Thursday 7 February 2008

How item count in Outlook folders affects performance

Where I work we see a lot of Outlook performance issues where the user's Inbox is over 10,000 items. (I think the record was about 150,000 - you can probably guess we don't use email quotas!)

Anyway this article covers some of the reasons a huge number of items in any folder will cause poor performance:

KB905803: Outlook users experience poor performance when they work with a folder that contains many items on a server that is running Exchange Server

In particular the paragraph about how recurring items are populated into the Calendar was something that had never even occurred to me before.
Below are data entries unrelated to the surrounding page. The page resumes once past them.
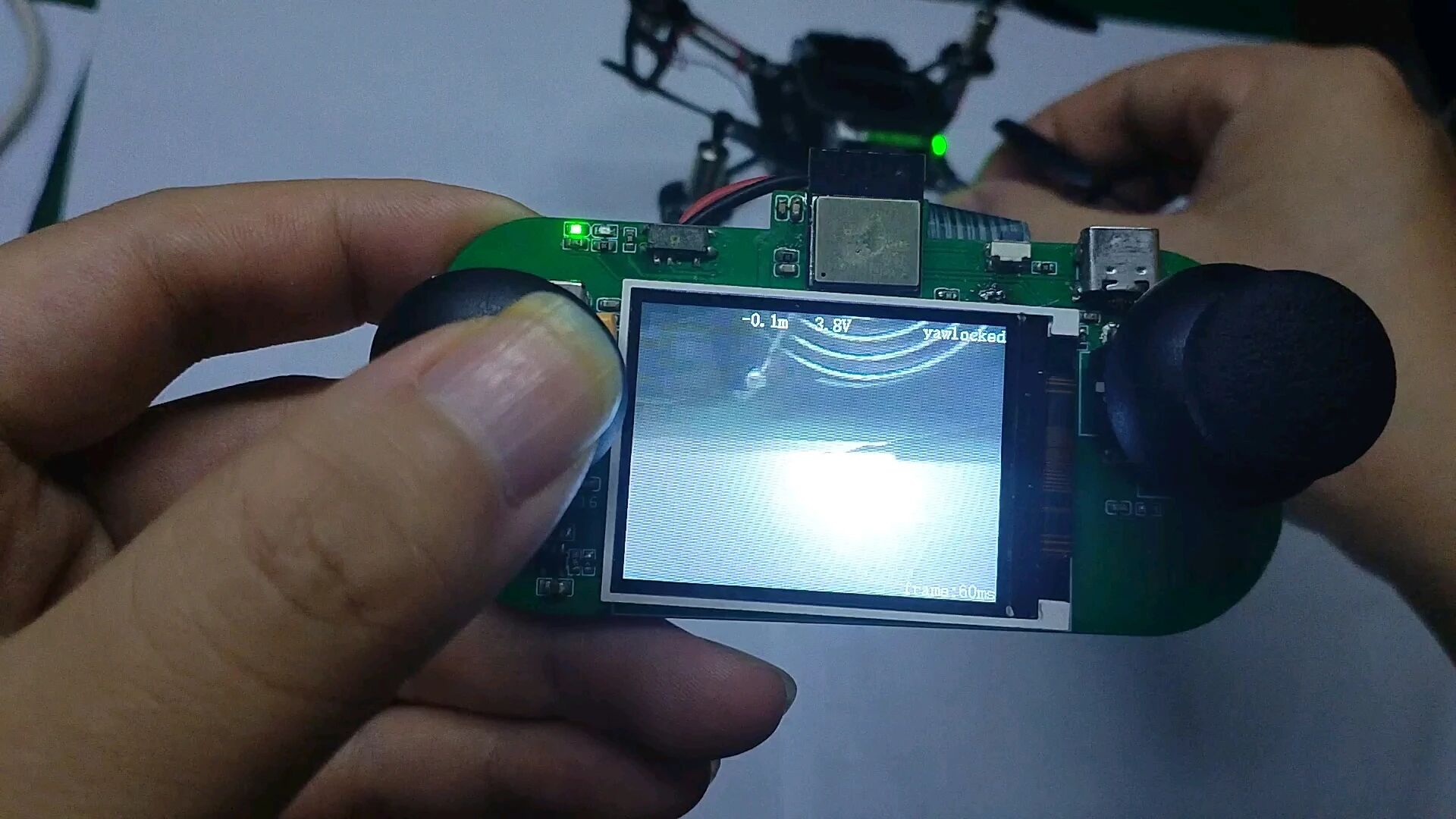 Handheld controller with a green PCB, small display and yaw-lock status readout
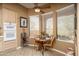 Cozy breakfast nook with large windows and a ceiling fan at 8698 E Preserve Way, Scottsdale, AZ 85266
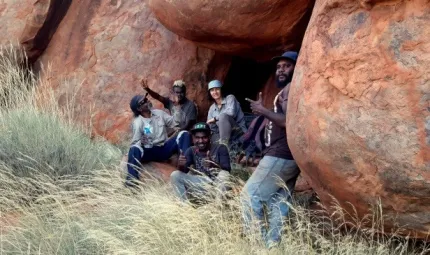 Group of people sitting under large rock formation. In the foreground is long grass.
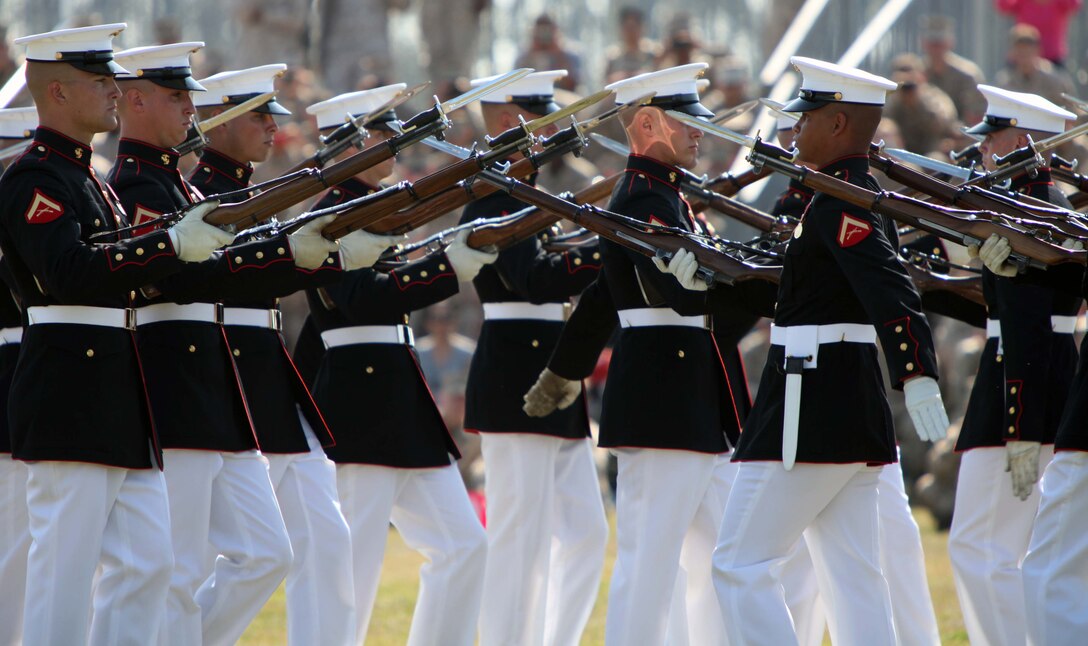 Marines with the U.S. Marine Drum & Bugle Corps perform for a packed crowd during a Battlefield Color Detachment ceremony aboard Marine Corps Base Camp Lejeune, N.C., March 14. Ending their National Installations Tour, the BCD featuring the U.S. Marine Drum & Bugle Corps, the U.S. Marine Corps Silent Drill Platoon and the Official Color Guard of the Marine Corps made their final appearance at Camp Lejeune.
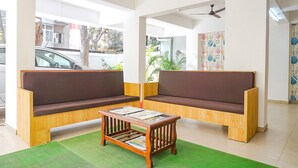 A modern waiting area with wooden sofas, a small wooden table, and a green mat on the floor.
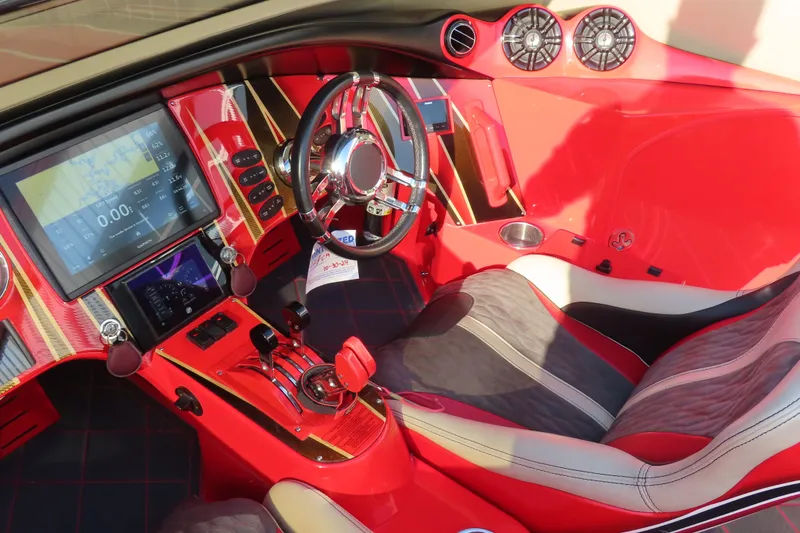 Slide: The Image of Luxurious red interior of 2010 MTI 36 R/P with advanced dashboard and steering wheel. - 14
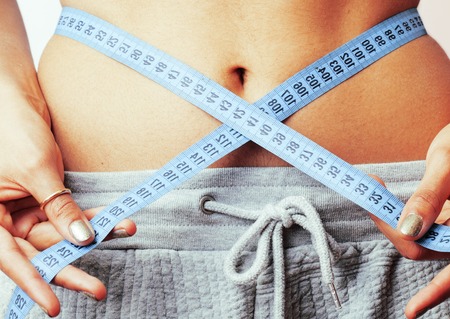 woman measuring waist with tape on knot like a gift, african tann isolated close up white backgroundの写真素材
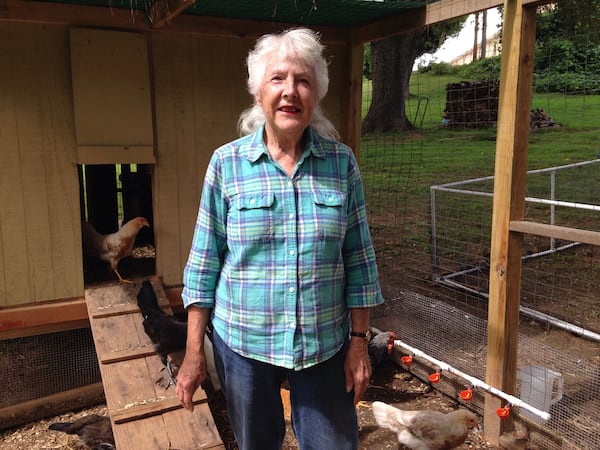 Linda Lay, the daughter of Georgia Tech coaching great Bobby Dodd, stands in a coop in the backyard of her home in Smyrna.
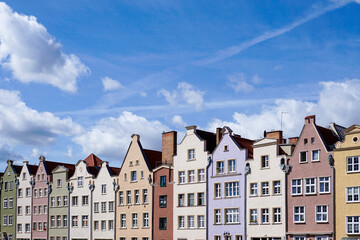 colorful house fronts of row houses on the riverfront of the Motlawa River in the Old Town of Gdansk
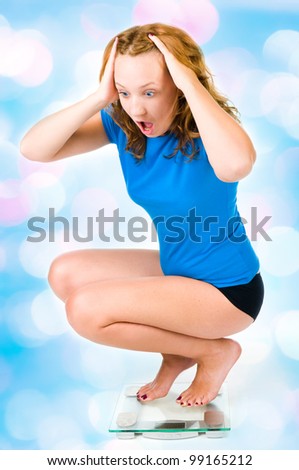 A young girl screams as she sees her weight on the scale with blue lights in the background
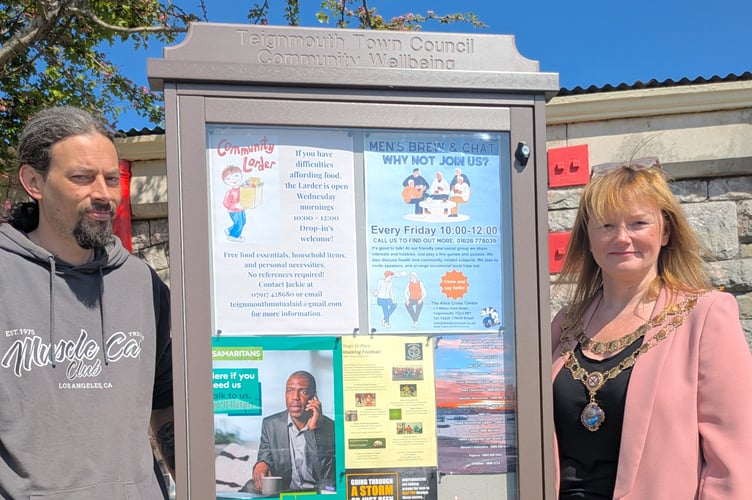 Councillor Dan Comer and Teignmouth mayor Cate Williams unveil the wellbeing board by the railway station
The one thing it doesn't touch on is how Cached Exchange Mode affects the performance. Our experience is that accessing larger mailboxes from desktop or laptop machines with slow hard disks (think not just older machines, but laptops running on battery power), Cached Exchange Mode can slow things down considerably. It's working out of the OST file (the cached copy of your mailbox on your hard disk), so if your hard disk is slow and your folders have many items, building the indexes required each time you switch views or folders will take some time.

I am generally a fan of Cached Exchange Mode (just for starters it can sheild the Exchange server from so much traffic things like Google Desktop can generate) but there are times it requires a little thought. So if your big cheese needs to keep his huge amount of mail and doesn't want his Outlook running like a dog, he's gonna need to fork out for a half-decent machine for his desk. And even then his frequently used folders should ideally stay below 5000 items.